Nunca trabajé tanto como ahora que estoy sin trabajo. Estoy levantando una empresa de escritura profesional, me han ofrecido ser socia de otra empresa relativa al área de la literatura también (detalles en breve en ambos dos casos), he estado mejorando este blog, he publicado una segunda edición de mis dos libros en distintas tiendas virtuales, me encuentro trabajando en la corrección de un poemario que verá la luz en unos meses (me ayuda una maravillosa correctora uruguaya a la que le tomé un cariño inmenso), mantengo mis redes sociales lo más que puedo (no es demasiado, confieso que es lo que menos placer me causa), estoy acabando mis estudios en análisis de sistemas (desarrollando una aplicación) e investigando el tema de liderazgo para un ensayo que estoy escribiendo.
Tengo siempre una buena explicación de por qué no hago más ejercicio físico.
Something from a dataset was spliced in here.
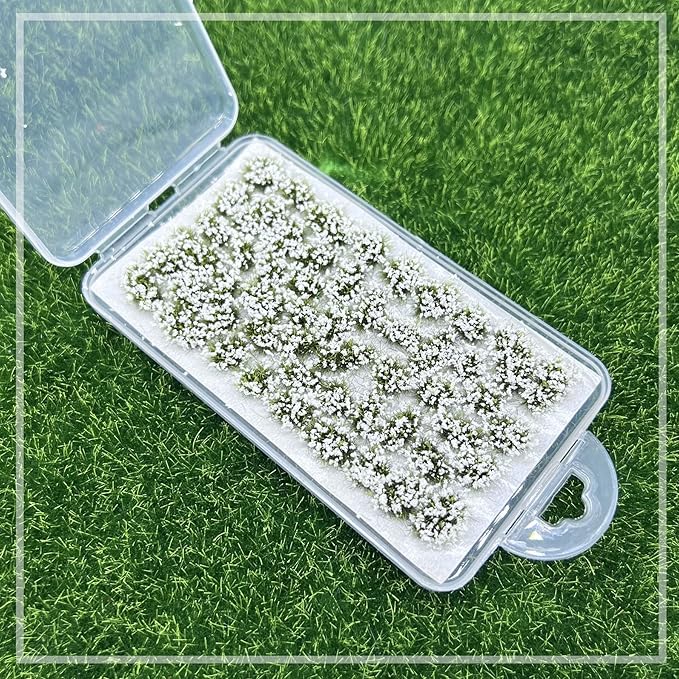 Woohome 53 Pcs DIY Miniature Flower Cluster Flower Vegetation Groups White Static Grass Tufts for Train Landscape Railroad Scenery Sand Military Layout Model Miniature Bases and Dioramas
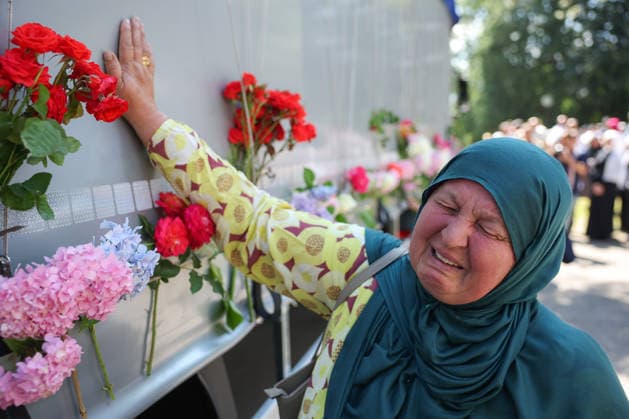 Bosnia and Herzegovina, the Srebrenica massacre, the remains of newly identified victims on their way to the Potocari memorial cemetery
A este ritmo, a los 60 no voy a poder mirar para los costados. El cuello me cobra tantas horas de computadora.
Mi viejo tenía razón. Yo necesito días de doble horario. Jamás me pudo convencer en hacer una cosa por vez. Cada principio de año era lo mismo. Yo me inscribía (o pedía al menos) en el club, en inglés, en clases de guitarra, danza moderna, cerámica de torno, canto y seguí contando. Y así fueron pasando mis años, entre aprendizaje y frustración. Siempre la misma historia.